Depuis quelques années, une nouvelle génération d'auteurices, dont les récits à forte consonance queer ont remporté les prix littéraires les plus prestigieux, régénère les littératures de l'imaginaire. Caractérisée par sa capacité à déconstruire les normes de genre et de l'hétéronormativité, la SF queer semble nous ouvrir de nouveaux espaces de réflexion sur nos rapports au monde et à l'autre. Pourtant, cette mouvance ne date pas d'hier et a été reléguée durant de nombreuses années dans les oubliettes de l'histoire de la science-fiction.

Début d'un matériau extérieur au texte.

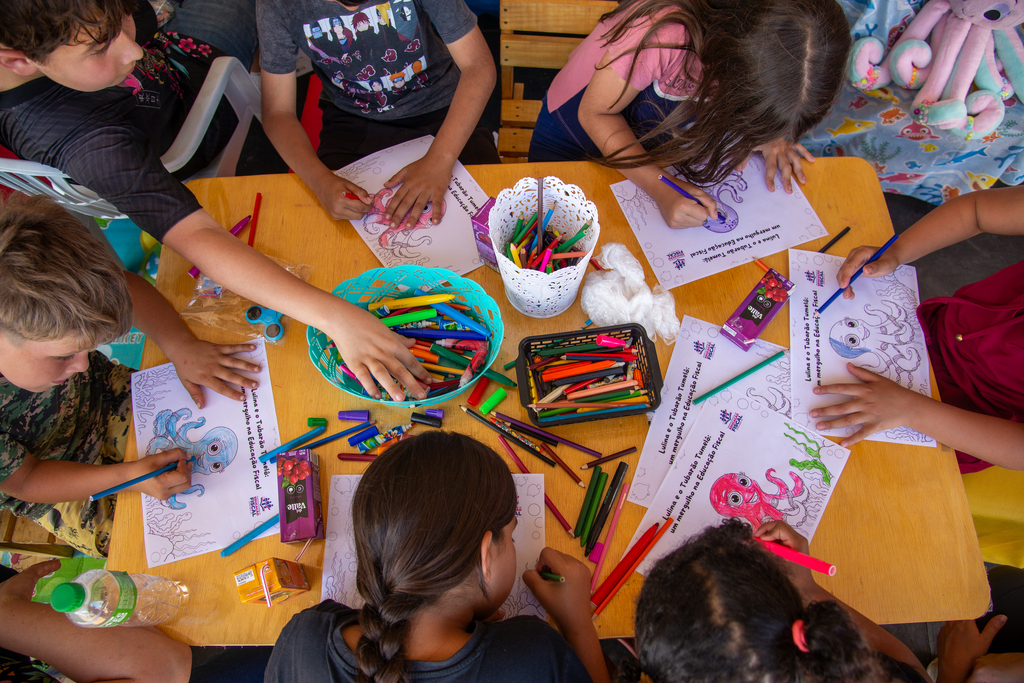 Foto: Vinicius Becker (Diário) - 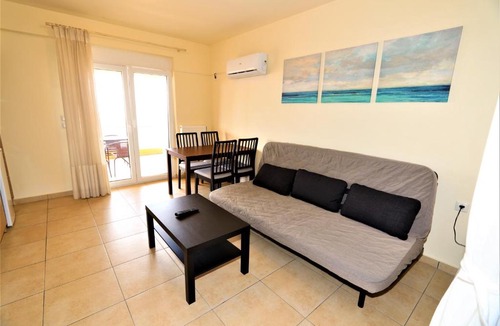 Loutra Edipsou Apartment | Dolphins Apartments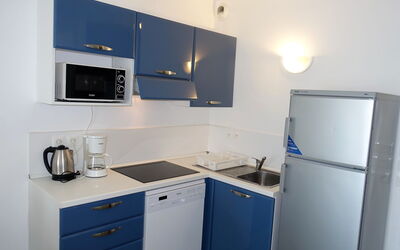 Logement:&nbsp;T3 Vue Cap 600.3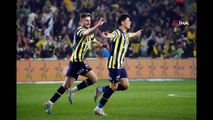 Spor Toto Süper Lig: Fenerbahçe: 3 - İstanbulspor: 3 (Maç sonucu)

Attention spoiler: à 13 ans, j’ai découvert que l’on pouvait être d’un genre différent de celui qu’on nous assigne à la naissance. C’était un début d’été, j’avais emprunté au CDI du collège le recueil Bien après minuit, qui rassemble différentes nouvelles écrites par Ray Bradbury entre 1946 et 1976. Il y est question de la vie sur Mars et sur Terre pendant la conquête martienne. Je me suis jetée dans la lecture du recueil avec la nouvelle éponyme, convaincue qu’elle devait être la clé de voûte de l’ensemble. Je n’ai pas tout compris à l’époque, me suis demandé si c’était de la science-fiction. Si cela devait être considéré comme de la science-fiction. Mais je me souviens avoir été prise d’un élan d’amour et de tendresse incommensurable pour la jeune fille suicidée qui n’était pas une « femelle ».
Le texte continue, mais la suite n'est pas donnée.